Alaska Journal of Commerce
Despite new natural gas discoveries in Alaska’s Cook Inlet utilities in the region will still experience shortages of gas supply by 2014 due to declining production in maturing fields, according to a new study of Cook Inlet gas reserves and regional demand released Monday.
The only practical alternative to deal with the shortfall is the import of liquefied natural gas, said Pete Stokes, commercial manager with Petrotechnical Resources of Alaska, an Anchorage-based consulting firm.
PRA’s analysis was done for three Southcentral Alaska utilities, Enstar Natural Gas Co., Chugach Electric Association and Anchorage’s city-owned Municipal Light & Power.
“The PRA report just emphasizes what we’re been concerned with for some time, that there is a lot of talk about new gas resources out there but no one is bringing it to market. We need to see results,” said John Sims, spokesman for Enstar Natural Gas Co., the Southcentral regional gas utility.
Sims said the three utilities are working on plans to import LNG, but negotiations with potential suppliers are confidential.
ConocoPhillips owns and operates a liquefied natural gas plant at Kenai that the company had planned to mothball. However, the plant is now being kept open on a year-by-year basis with incremental shipments being made to customers in Asia.
There are reported new discoveries of gas both offshore and onshore in Cook Inlet including from a well drilled last summer by Escopeta Oil Co. from a jack-up rig, but the discoveries have yet to be tested, Stokes said.

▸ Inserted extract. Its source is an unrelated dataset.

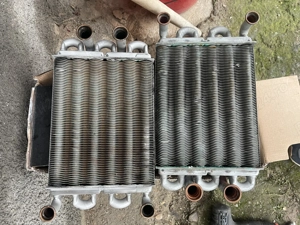 Vând schimbător primar ferolli domiproject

Even if they can be produced commercially it will take five to six years, or more, to secure permits and build a platform and pipelines and other production facilities. The new gas would not come in time to meet the impending shortfall facing the utilities, he said. The expected supply shortfall that year is 7 billion cubic feet short of the utilities’ projected requirement of 80 billion cubic feet, Stokes said.

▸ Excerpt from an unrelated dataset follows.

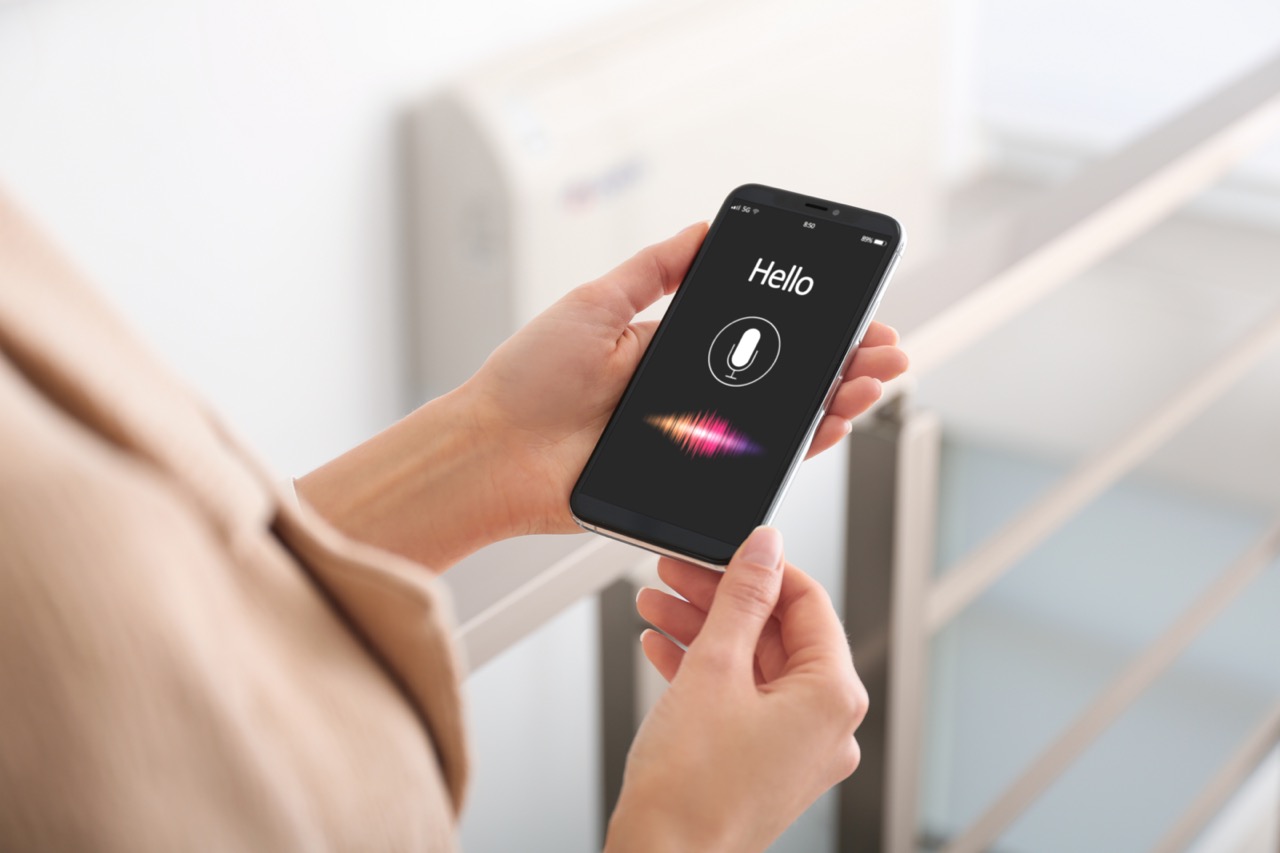 Cara Kerja AI Voice Generator - WonderVerse Indonesia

“Only a significant onshore discovery that is near existing pipelines will be sufficient to offset the shortfall in 2014. Offshore discoveries cannot be developed in time,” he said.

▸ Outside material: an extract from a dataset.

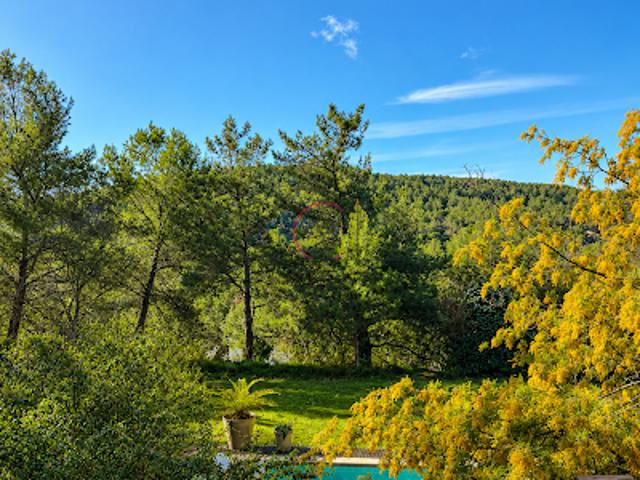 Villa vente à Aix-en-Provence, Ventabren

There are two new onshore Kenai Peninsula gas discoveries, one by Australia-based independent Buccaneer Energy in a prospect near the City of Kenai and a second in the Kenai National Wildlife Refuge by Alaskan independent NordAq, but both of these require further testing.
PRA’s analysis tracks studies done in recent years by the state Department of Natural Resources, which show potential reserve additions in the Cook Inlet Basin sufficient to meet local utility needs to 2020.
The difference, Stokes said, is that the state’s study assumes industry will make additional investments by producers in development drilling to prove up needed new reserves. PRA’s study, which is an update of work done in 2009, for the utilities, shows that the investments are not being made, at least at the rate needed.
In 2009, PRA estimated that if producers drilled no new development wells utilities would face a shortfall in 2013. The updated analysis just finished shows that some drilling and compression has been added, but that the supply shortfall is pushed out only one year, to 2014.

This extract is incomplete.